*Problem*.
Your job is to print, exactly, the lines in the data below from the line with "Paragrafta Yardımcı Fikirler-2" through the line with "Marie Vachenauer - Kafkas", both included, and to omit any picture.

*Collected data entries*.
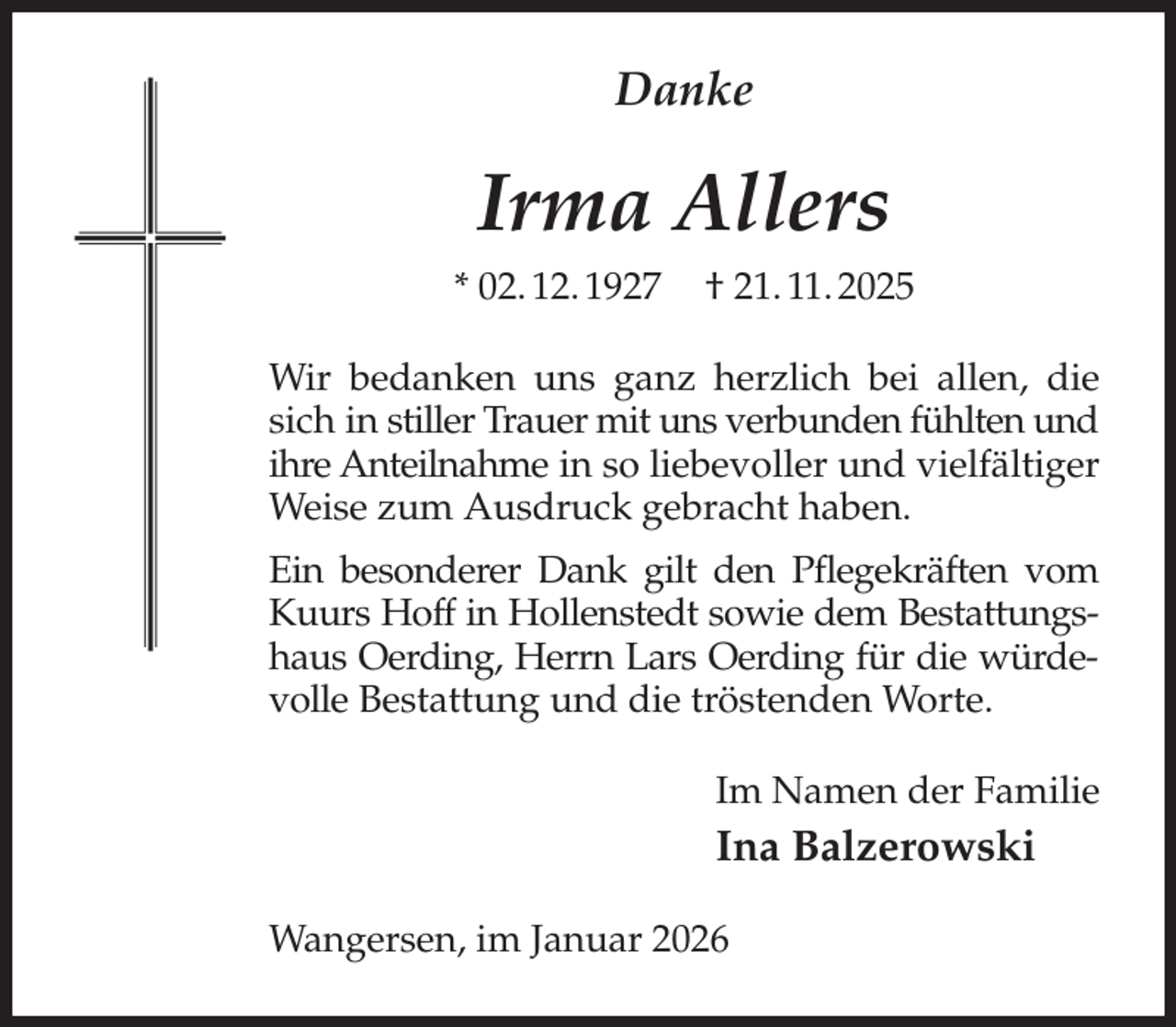 <p>Danke<br />Irma Allers<br />* 02. 12. 1927 † 21. 11. 2025<br />Wir bedanken uns ganz herzlich bei allen, die sich in stiller Trauer mit uns verbunden fühlten und ihre Anteilnahme in so liebevoller und vielfältiger Weise zum Ausdruck gebracht haben.<br />Ein besonderer Dank gilt den Pflegekräften vom Kuurs Hoff in Hollenstedt sowie dem Bestattungshaus Oerding, Herrn Lars Oerding für die würdevolle Bestattung und die tröstenden Worte.<br />Im Namen der Familie<br />Ina Balzerowski<br />Wangersen, im Januar 2026</p>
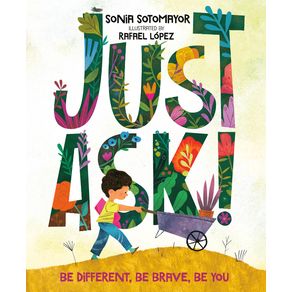 Just Ask!: Be Different, Be Brave, Be You - Philomel Books Just Ask!: Be Different, Be Brave, Be You - Philomel Books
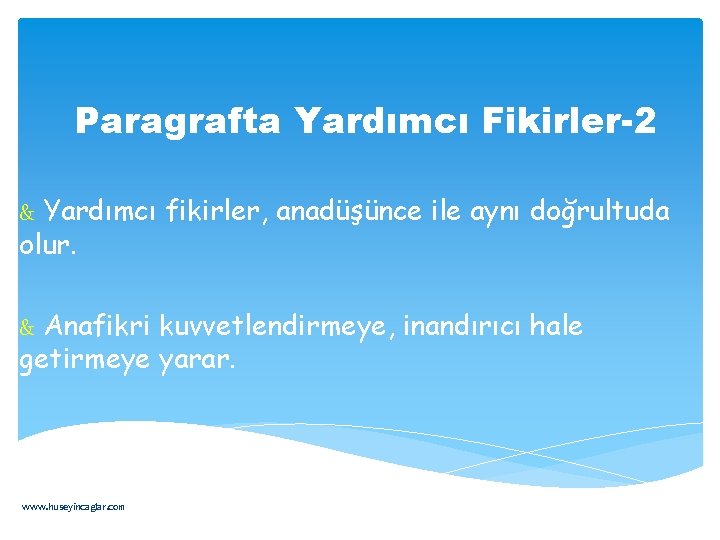 Paragrafta Yardımcı Fikirler-2 & Yardımcı fikirler, anadüşünce ile aynı doğrultuda olur. & Anafikri kuvvetlendirmeye,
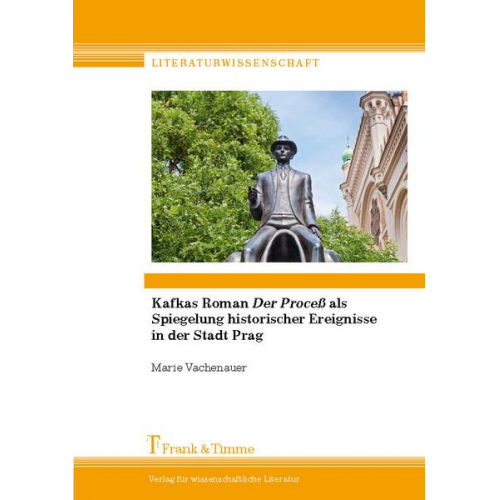Marie Vachenauer - Kafkas Roman 'Der Proceß' als Spiegelung historischer Ereignisse in der Stadt Prag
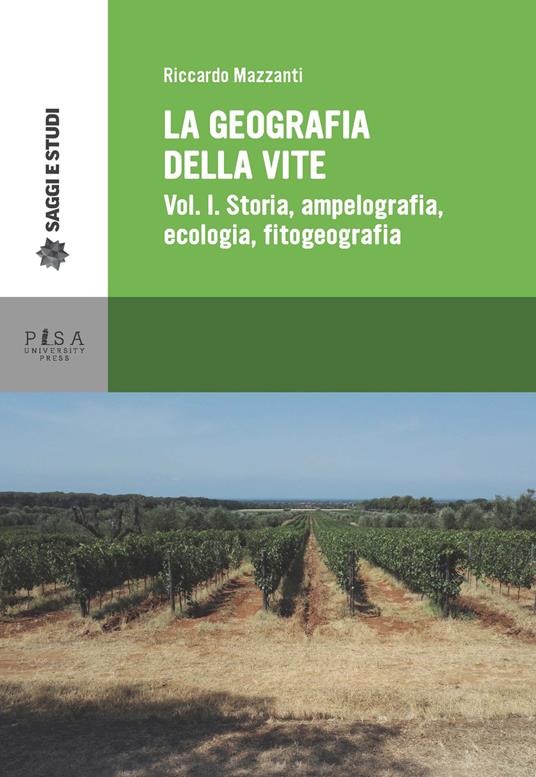 La geografia della vite. Vol. 1: Storia, ampelografia, ecologia, fitogeografia. - Riccardo Mazzanti - copertina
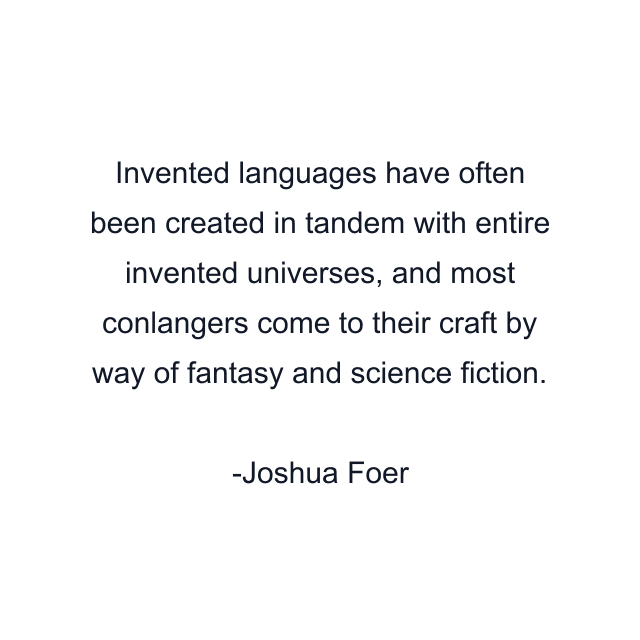 Invented languages have often been created in tandem with entire invented universes, and most conlangers come to their craft by way of fantasy and science fiction.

*The answer*.
 Paragrafta Yardımcı Fikirler-2 & Yardımcı fikirler, anadüşünce ile aynı doğrultuda olur. & Anafikri kuvvetlendirmeye,
Marie Vachenauer - Kafkas Roman 'Der Proceß' als Spiegelung historischer Ereignisse in der Stadt Prag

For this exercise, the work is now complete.